#### AIM OF THE TASK:
A faithful copy is required. Print each line of the data exactly and omit the pictures.

::: RECORDS SHOWN

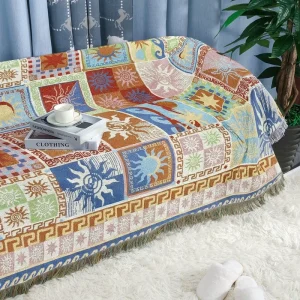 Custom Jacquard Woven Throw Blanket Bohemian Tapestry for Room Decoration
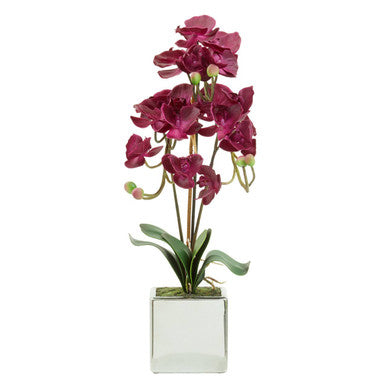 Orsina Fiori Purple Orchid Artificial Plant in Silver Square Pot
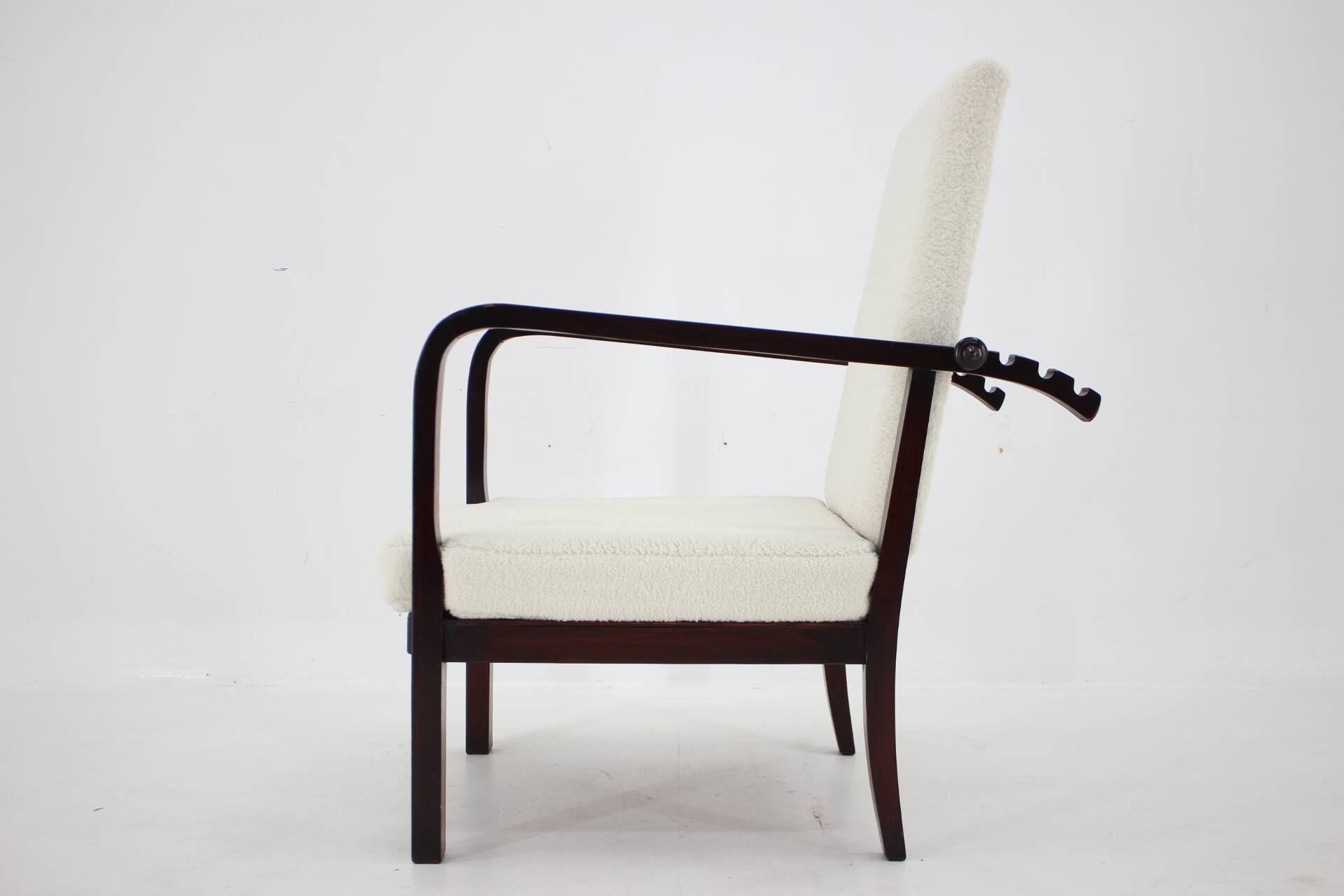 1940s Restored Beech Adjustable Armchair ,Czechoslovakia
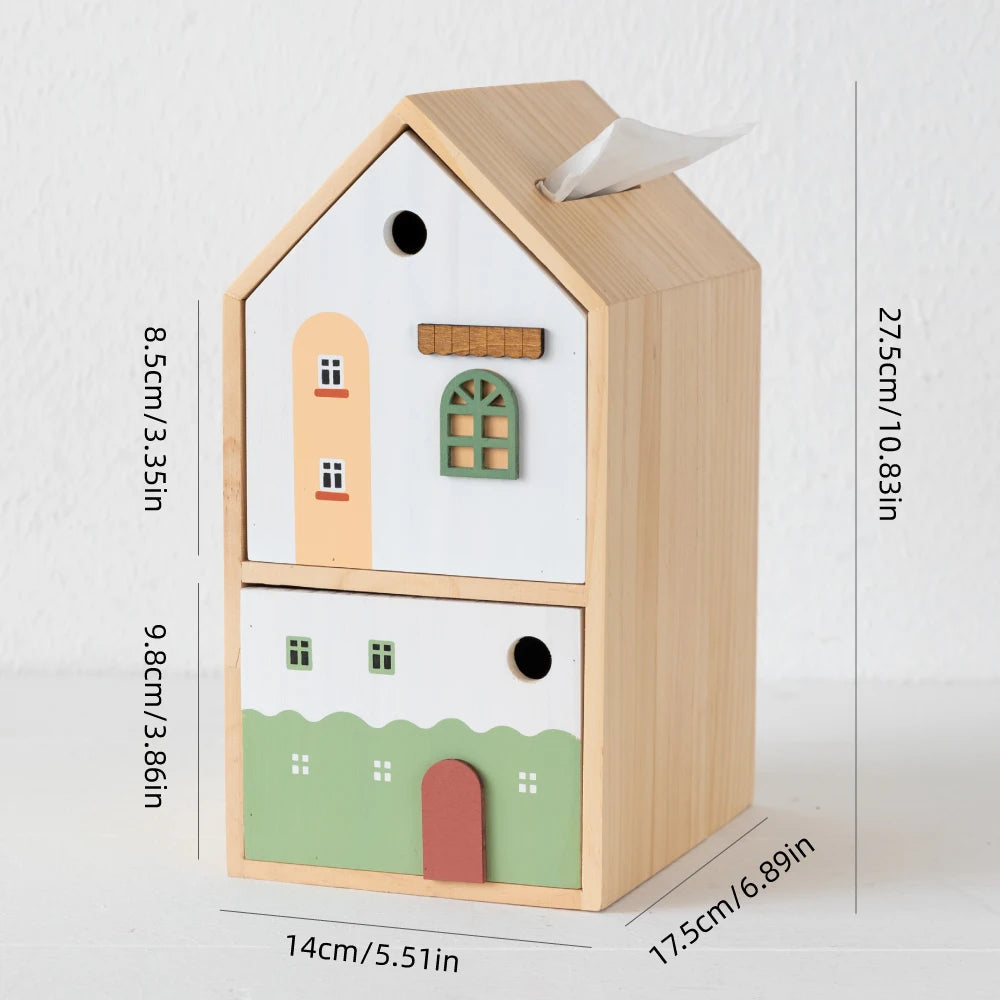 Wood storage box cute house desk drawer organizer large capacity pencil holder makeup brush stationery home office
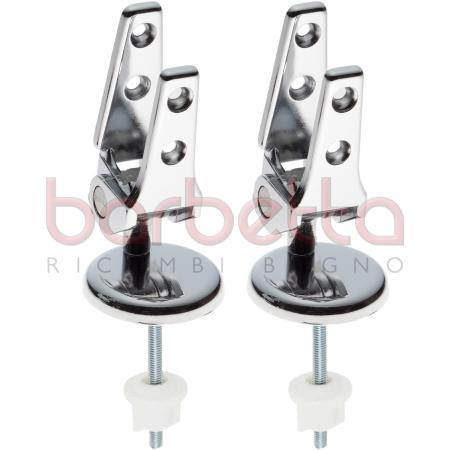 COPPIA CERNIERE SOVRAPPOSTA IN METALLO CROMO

::::::

#### ANSWER AREA:
 Custom Jacquard Woven Throw Blanket Bohemian Tapestry for Room Decoration
 Orsina Fiori Purple Orchid Artificial Plant in Silver Square Pot
 1940s Restored Beech Adjustable Armchair ,Czechoslovakia
 Wood storage box cute house desk drawer organizer large capacity pencil holder makeup brush stationery home office
 COPPIA CERNIERE SOVRAPPOSTA IN METALLO CROMO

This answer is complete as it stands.